Morir Sonando," which translates as “To Die Dreaming"--a drink with orange juice and heavy cream. I didn’t order it, but during a particularly orange dinner of paella, plantains, and mango juice, I wondered how it came to be that all over the world, the flavor of dreams is orange-vanilla. Is it is some transcultural unconscious association, or is some giant Dreamsicle dreaming us into existence? The abandoned steel structures of this city have a similar color. Is rust the dream of steel, steel attempting to understand itself through a figment of what it could be? Is orange the pigment of what could be, of lost dreams which the material world steals from us (and steels from us)?
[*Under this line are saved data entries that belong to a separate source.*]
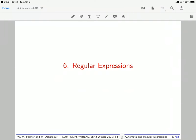Welcome back to 2FA3, Discrete Mathematics with Applications 2 at McMaster University. I'm Mayer Traskapur. We're going to finish this topic on regular expressions. So far we've seen that each automaton accepts strings defined based on some kind of pattern. A finite automaton is a graph-based way of specifying patterns.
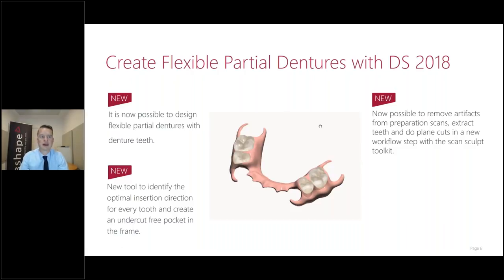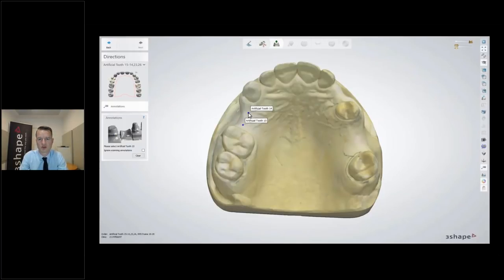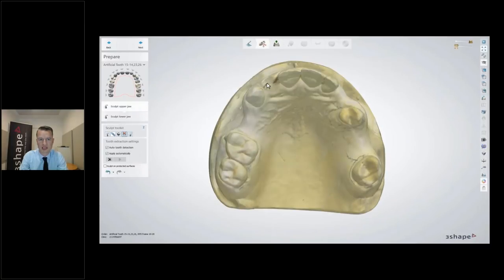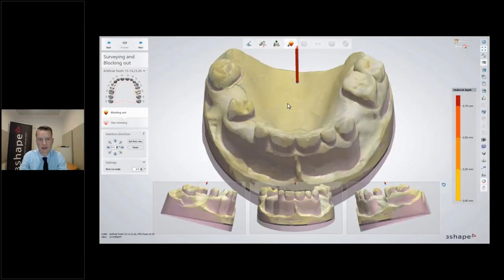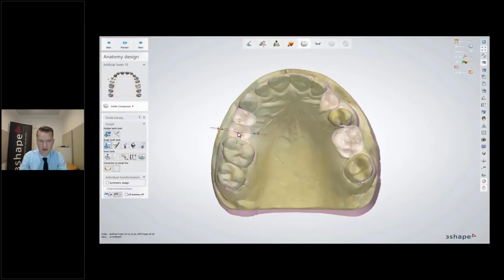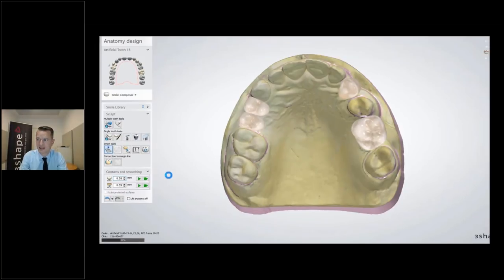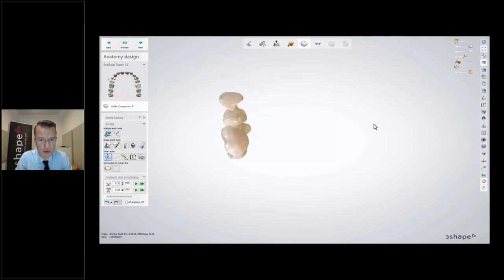We have users doing a lot of flexibles every day with these new design tools. In the flexible design workflow you can push teeth, artificially remove teeth, do the block-out step, and do wax trimming for clasps and retention. The next step is to design the denture teeth — partial denture teeth — with the ability to cut to gingiva or to neighboring teeth.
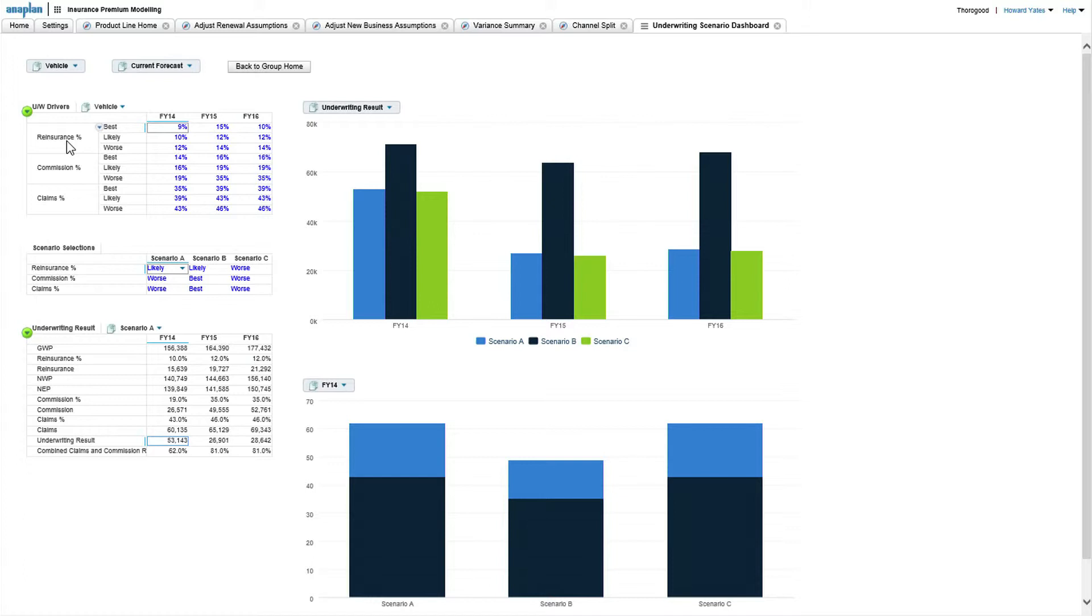What percentage reinsurance are you going to take as a percentage of your inwards, what sort of commissions you're going to incur, and also some value claims ratio.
I go to the old factories, get some orange rust on my tee-shirt. It looks good. Maybe I should stage a
Chris Burden-esque performance whereby I rub the orange of oxidized metal all over my tee-shirt, get completely smashed and walk around Paterson at 3 am with “We Are All Bridge and Tunnel People” written on it. With lipstick. In French. I am in that kind of mood. “To die dreaming” indeed. But it is still just an orange smudge, only a hint of catastrophe on a mostly white v-neck, and I cross the bridge to New York. I think I will go to the
Richard Serra show, and decide not to change my shirt: the orange smudge here will be chic, although as soon as I get to MoMA I realize that it immediately puts me under suspicion with the security guards, as if I had been stealthily frottaging
Torqued Ellipse IV. There is a lot of very expensive rust here. It is uniform and smooth on some of his structures, more aleatory and environmental looking on others. It’s a pixie dust that makes metal less metal, makes it dream of air. Perhaps here in his labyrinthine structures I can find some secret portal to the dreams of
Paterson, which may be my own dreams. Or be escorted brutally back to my single line in the Telephone Directory.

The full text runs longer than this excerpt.